Exercise brief:
Output the entries in full and verbatim, pictures omitted.

Given records:
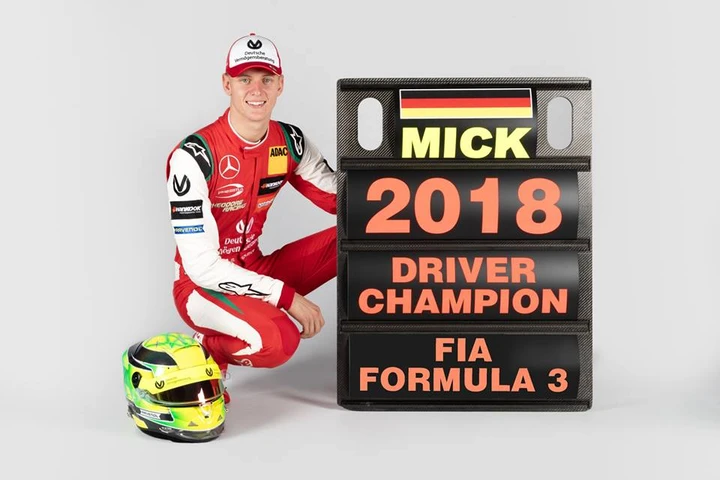 Ferrari: da padre in figlio, la dinastia Schumacher continua.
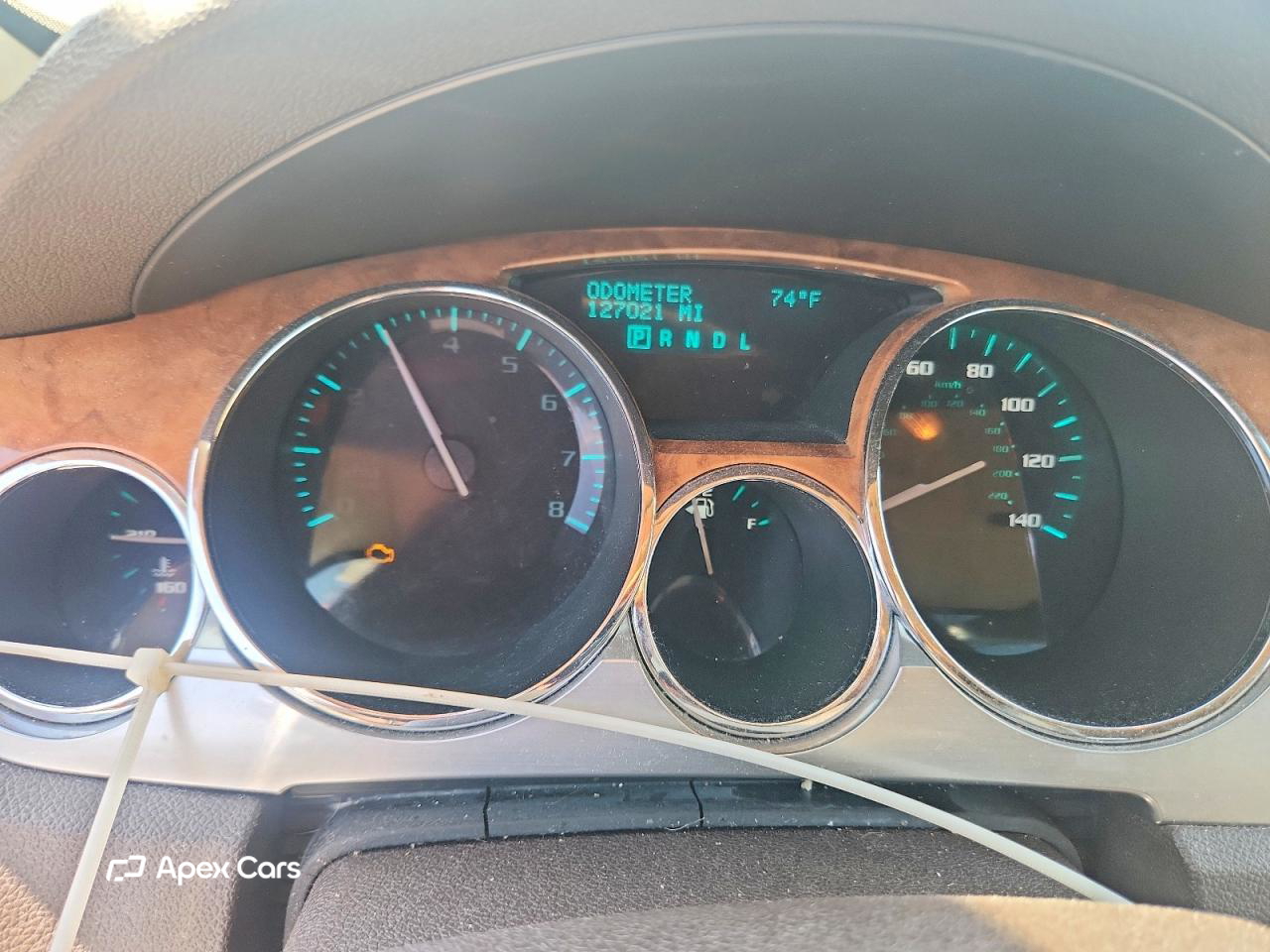 Buick Enclave 2008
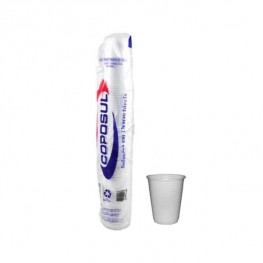 Copo descartável 180 ml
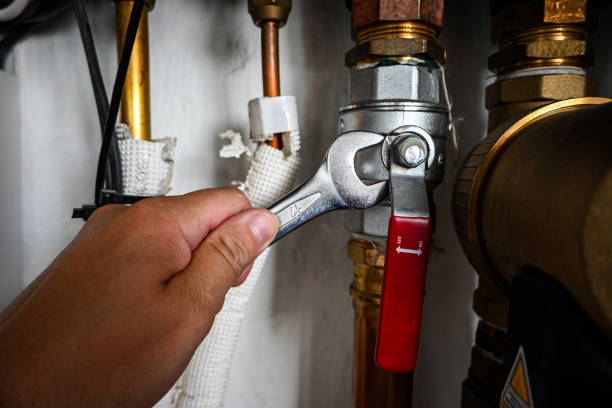 Best Clogged Drain Plumber  in Breckinridge Center, KY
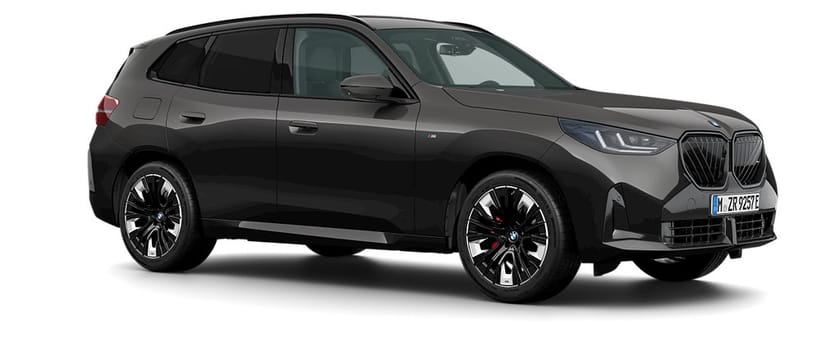 Bild 1 av BMW X3 30e xDrive 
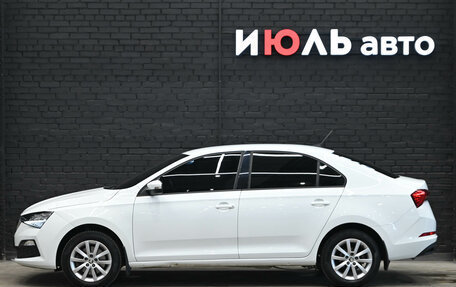 Skoda Rapid II, 2020 год, 1 590 000 рублей, 8 фотография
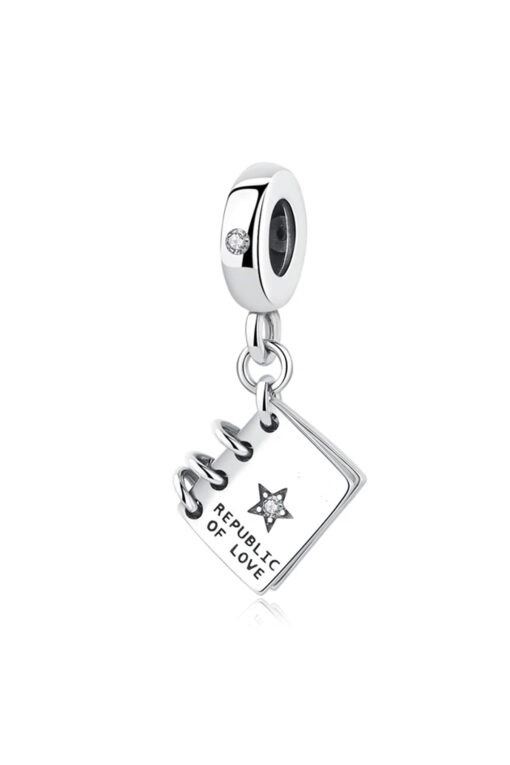 Açılabilir  Aşkın Cumhuriyeti Sallantılı Charm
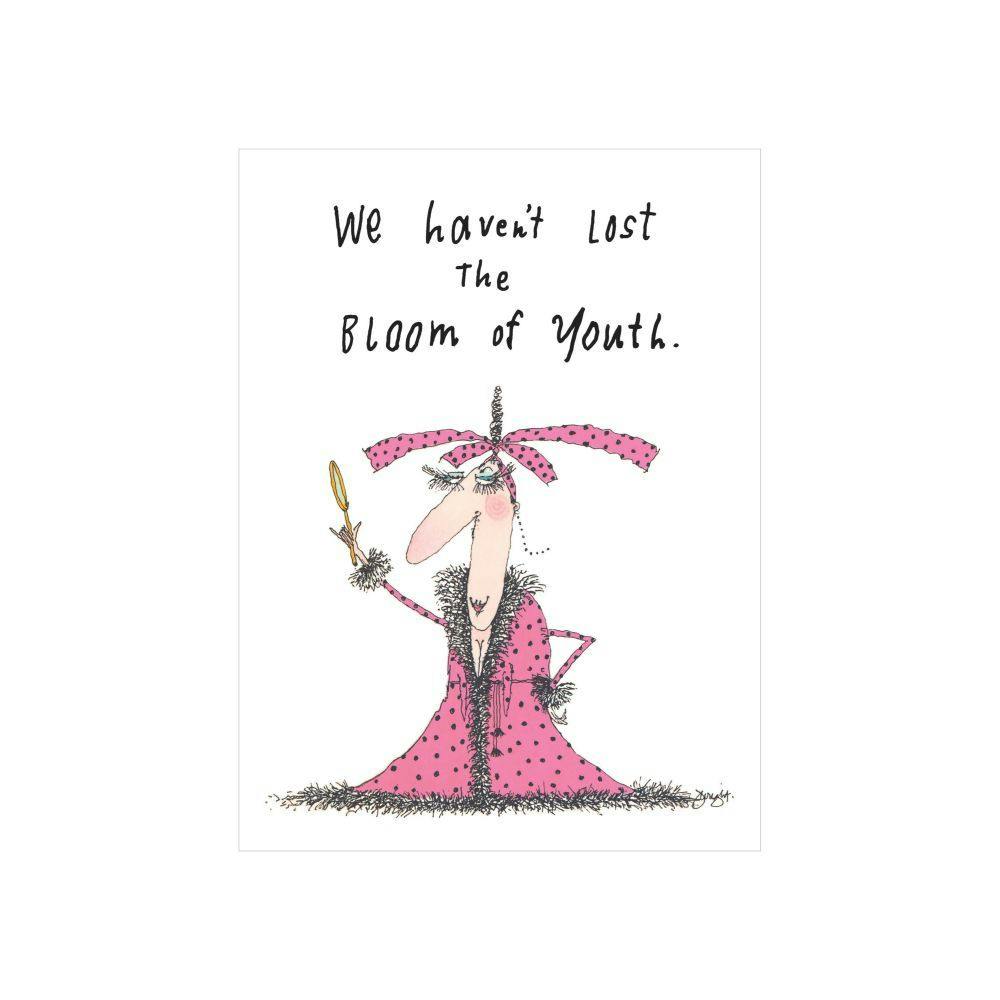Bloom Of Youth Greeting Card 2nd Product Detail  Image width=&quot;1000&quot; height=&quot;1000&quot;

Result:
 Ferrari: da padre in figlio, la dinastia Schumacher continua.
 Buick Enclave 2008
 Copo descartável 180 ml
 Best Clogged Drain Plumber  in Breckinridge Center, KY
 Bild 1 av BMW X3 30e xDrive 
 Skoda Rapid II, 2020 год, 1 590 000 рублей, 8 фотография
 Açılabilir  Aşkın Cumhuriyeti Sallantılı Charm
Bloom Of Youth Greeting Card 2nd Product Detail  Image width=&quot;1000&quot; height=&quot;1000&quot;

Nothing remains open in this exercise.